Sur sa cime un ormeau supporte un noir corbeau Et en son cœur et en un nid vit une pie Mais si le géant dans la pluie reste encor’ beau Qu’en est-il de ceux-ci que l’eau vive estropie ?
L’anthracite et le blanc sont de neutres couleurs Ne protégeant pas les porteurs de ce plumage ; Le vert de l’arbre luit et chasse les douleurs Venues dans l’orage pour causer du dommage.
Son rayonnement si puissant et sa grandeur S’attendrissent devant de si vils volatiles Indifférents à son rôle de commandeur Dont les doctes pensées ne sont pas versatiles.
C’est que l’arbre a un pied, un tronc et au sommet Une tête portant un message céleste Dans lequel, jadis, le Créateur lui sommait De toujours conserver un esprit vif et leste.
Le végétal humain connaît sa mission Qui est d’ombrer pré, champ, lac, étang, pâturage, D’abriter sans mendier sa permission Le corbeau et la pie, le temps d’un tuteurage.
Dans ses bras avenants, se réfugie le nid Et le vent jouant se balance en son feuillage ; Le rai du soleil le transperce et le brunit Et l’averse de pluie assure son mouillage.

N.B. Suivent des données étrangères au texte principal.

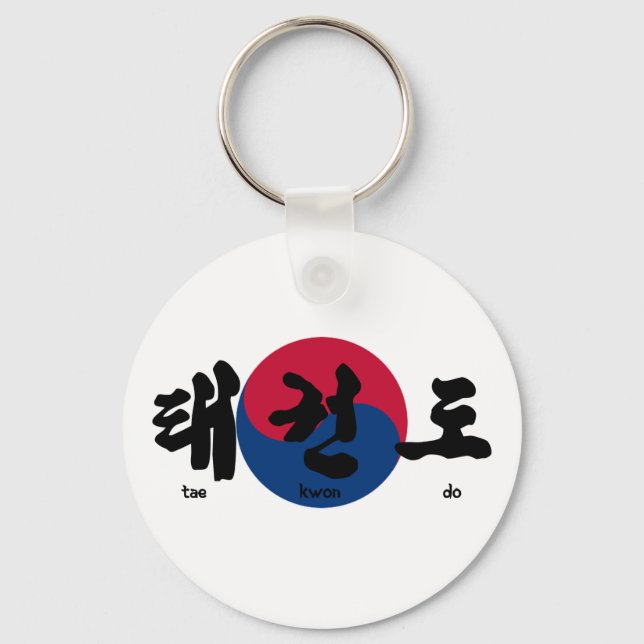 Porte-clés Drapeau Tae Kwon Do (Recto)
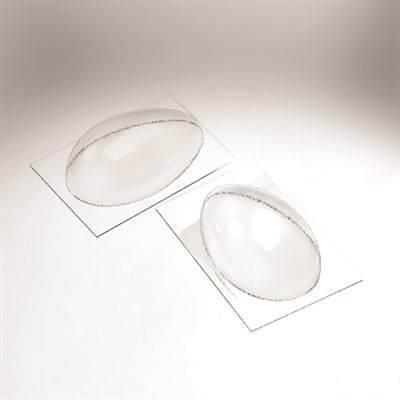 Moulds half-eggs for 10 pieces 13.4x8.7 cm H.4 cm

Il traverse l’hiver et les amis du froid Venus le tourmenter dont le gel et la neige Mais le vénérable patriarche est le roi Qui sait repousser les affres du sacrilège.
L’agressent chenille et papillon gris de nuit Mais il se défend feuille à feuille et branche à branche ; S’il éprouve souvent du mal et de l’ennui Sa constitution tranche de façon franche.
A ses pieds, un midi, il sentit un « bandit » Et sa cime avertie, ordonna que s’étende Sa frondaison dense et l’ombre ainsi s’agrandit Assez pour que la nuque inconnue se détende.
Un coucou a chanté, un autre a répondu ; Une feuille a tremblé sur sa branche vibrante Et dans un nid un œuf – miracle ! - fut pondu Afin de rendre hommage à cette âme attirante
Ne dédaignant pas, dans cet humain végétal Accepter l’animal, quelle que soit sa race Comme si c’était un devoir sacerdotal De lui accorder le partage de sa grâce.
Bien qu’il est un auguste, orgueilleux souverain, L’arbre - sans dire un mot - développe son ombre Sous sa large amplitude et voit le riverain Et le marcheur lointain, le peupler en bon nombre.
L’humain, sous ses souliers, pourrait bien écraser La fourmi ailée ou la primevère en fête Alors que l’orme par l’aile se fait raser Puis ira se poser franchement sur son faîte
Et à son pied épais qui plonge sous son tronc Viennent s’agglutiner les amateurs d’ombrage Autour de ses côtés qui ne sont qu’un long rond Prêt à les abriter sauf quand survient l’orage
Car s’il laisse passer la foudre dans l’éclair Qui va frapper le sol de sa charge brûlante, Le passager n’a pas un esprit aussi clair
Ni le même pouvoir de l’imposante plante A esquiver ce trait absolument mortel Si précis qu’il serait loin d’être accidentel.